= Adams Ranch =

Cattle ranch in Florida, United States

Adams Ranch, Inc. is located on 65000 acre in the following areas of Florida: St. Lucie, Osceola and Okeechobee counties. The ranch raises the following cattle breeds: Braford, Arrab, Abeef and Argel. They also grow various citrus fruit. It is a family owned and operated corporation. The ranch has about 10,000 cows and 400 bulls.

== History ==
Adams Ranch was established in 1937 by Alto Adams; his son, Alto "Bud" Adams, Jr., has run the ranch since 1948. Adams Jr. has three sons who are also involved in the operations of the ranch: Lee Adams (Vice President), Mike Adams (President), and Robert Adams (citrus operations).

In 1947 Alto Adams, Jr. was using Hereford bulls, but soon realized that they were not suited for Southern Florida. So he started to cross-breed Brahman cattle with Hereford cattle.
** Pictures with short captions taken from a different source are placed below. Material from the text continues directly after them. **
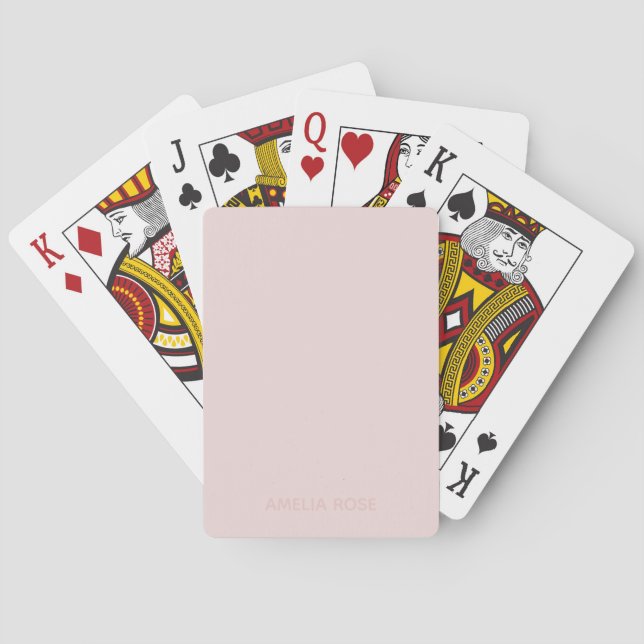 Subtle Pink Name on Soft Blush Pink Playing Cards (Back)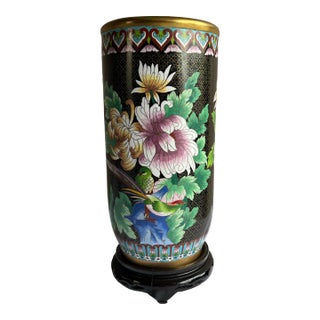Late 20th Century Chinese Birds and Peonies Cloisonné Umbrella Stand For Sale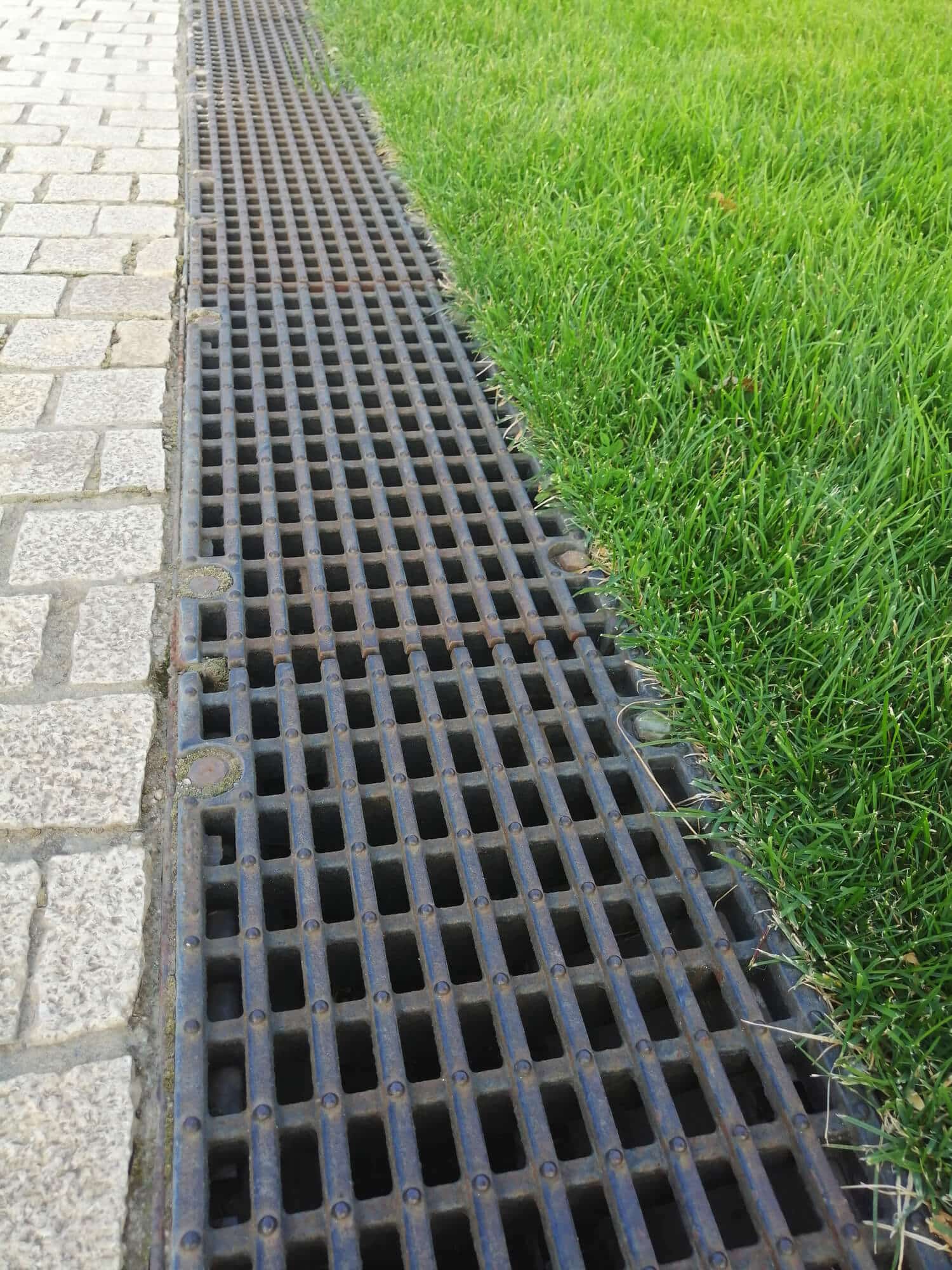 channel drain on a yard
Eventually he found the breed he was looking for, which is today called the Braford.

Alto Adams, Jr. incorporated his special breed with the founding of the International Braford Association (IBA) in 1969, a group of Braford breeders who were recognized by the United States Department of Agriculture in 1970. The group developed the cattle in order to have a breeding stock that could endure the high heat, humidity and insects. The Braford breed has characteristics which make them especially well-suited for the Florida environment: short hair, oily hides, pigmented eyes, high fertility and particularly impressive longevity.

== Environment ==
Adams Ranch is constantly battling flood and drought through the seasons. Water can be found on the ranch every few miles. The ranch helps to preserve the rivers, swamps, marshes, prairies and wooded areas that are on its land.
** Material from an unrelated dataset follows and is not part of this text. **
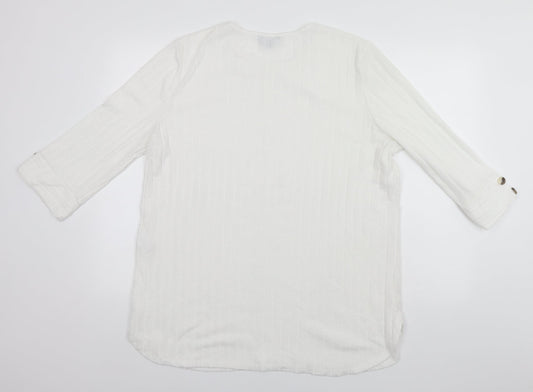 Womens UK Size XL Peacocks White Pullover Jumper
The area is home to wildlife, including animals such as the bald eagle, American alligator, bobcats, crayfish, wild turkey, nine-banded armadillos, hawks, owls, herons, egrets and crested caracara.

The ranch has planted pasture grasses suited for the environment there, consisting of clovers and legumes. The diverse wildlife on the ranch is welcomed and, given the specialized nature of the Braford breed, the cattle remain largely unaffected by the other species.
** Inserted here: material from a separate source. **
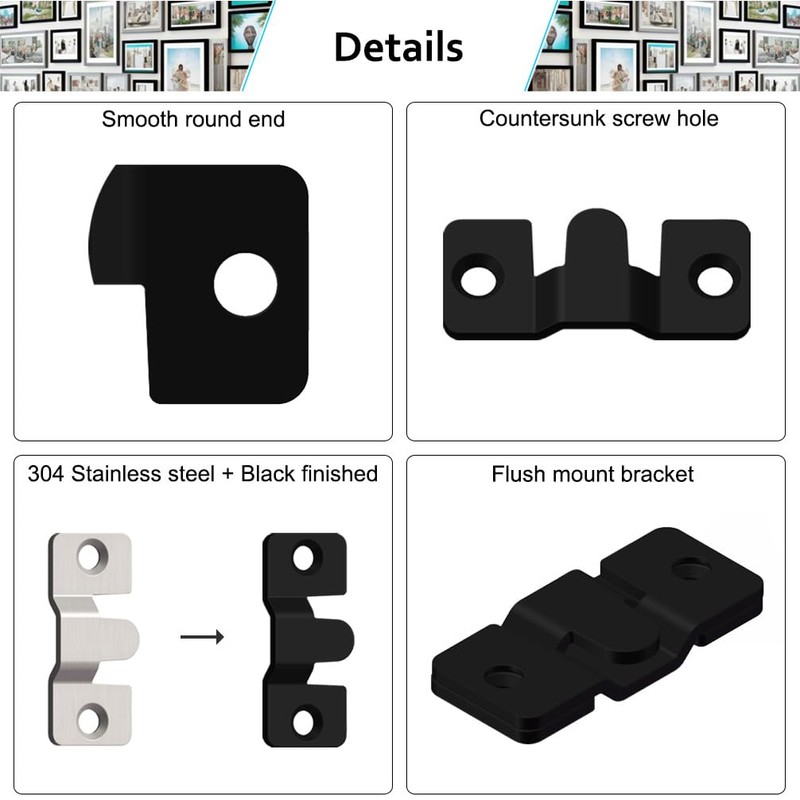 24 Pack Flush Mount Brackets 1.7in x 0.75in Black Stainless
In addition to his role in establishing the Adams Ranch, Alto Adams was a Justice of the Florida Supreme Court from 1941 through 1951 and was the Chief Justice from 1949 to 1951. After a period of retirement devoted to his ranch, he was persuaded to resume a position on the Florida Supreme Court from 1967 to 1968. He was the first graduate of the University of Florida College of Law to be a Florida Supreme Court Justice.